First, for any probabilistic credence function, there are Hurwicz weights for which that credence function is a minimizer. If $c = (c_1, c_2, c_3)$ and $c_{i_1} \geq c_{i_2} \geq c_{i_3}$, then the weights are $c_{i_1}, c_{i_2}, c_{i_3}$.

Second, in my earlier paper, I noted that Maximin demands the uniform distribution. So you might see the uniform distribution as the maximally risk-averse option. And indeed you can read something like that into William James' remark that the person who always suspends judgment has an irrational aversion to being a dupe. But actually it turns out that quite a wide range of attitudes to risk--in this case represented by generalised Hurwicz weights in the upper trapezoid region--demand the uniform distribution.
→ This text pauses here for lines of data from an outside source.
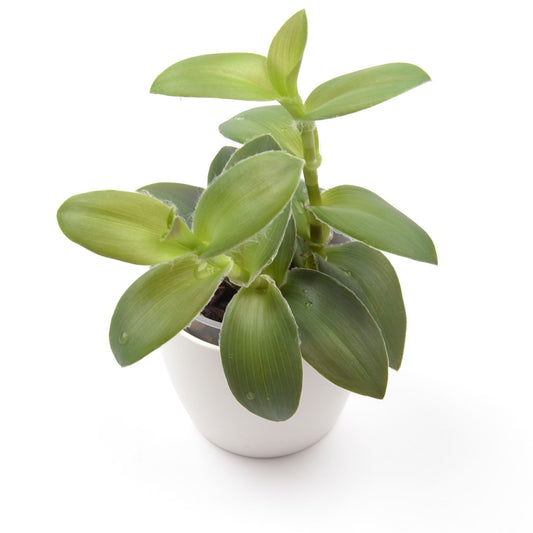 Tradescantia ‘Pale Puma’, Größe M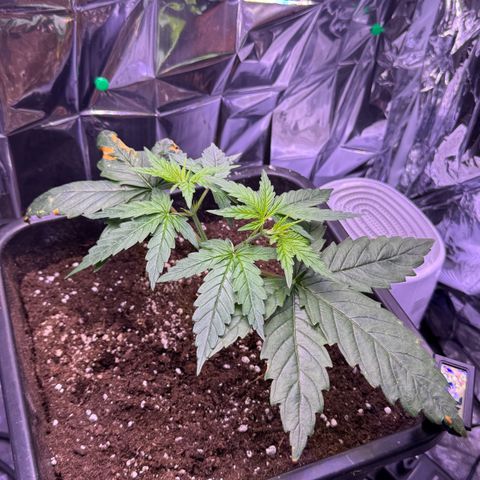 O.G. Kush Mainlining (first time🤞🏻) growlog timeline photo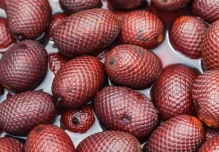 Ecuador exportó 10 toneladas de pulpa de morete a Perú 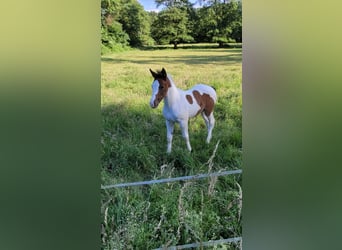 Wuerttemberg Mix, Mare, Foal (04/2024), Pinto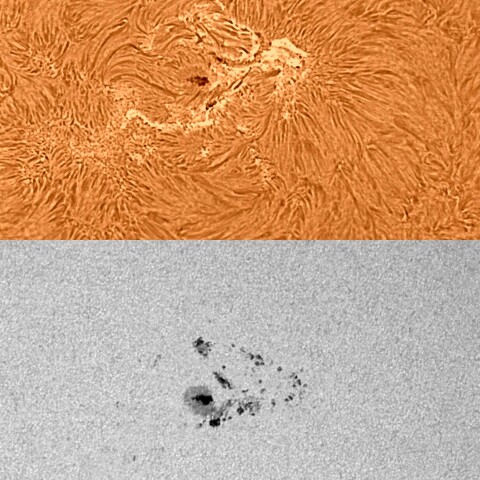 太陽活動領域13395 2023/08/11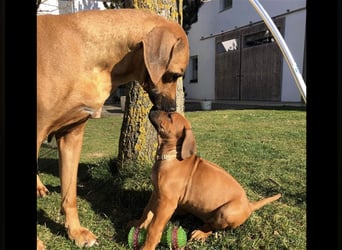 Rhodesian Ridgeback Welpen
Third, in my first blogpost about all this, I criticized Hurwicz's original version of his criterion for being incompatible with a natural dominance norm, which says that if one option is always at least as good as another and sometimes better, then it should be strictly preferred. Suppose we apply this strengthening to Weak Dominance in our characterization of the Generalized Hurwicz Criterion in the previous blogpost. Then we obtain a slightly more demanding version of the Generalized Hurwicz Criterion that requires that each of your Hurwicz weightings is strictly positive. And if we do that, then it's no longer true that any probabilistic credence function can be rationalised in this way. Only regular ones can be. So that plausible strengthening of Weak Dominance leads us to an argument for Regularity, the principle that says that you should not assign extremal credences to propositions that are not tautologies or contradictions.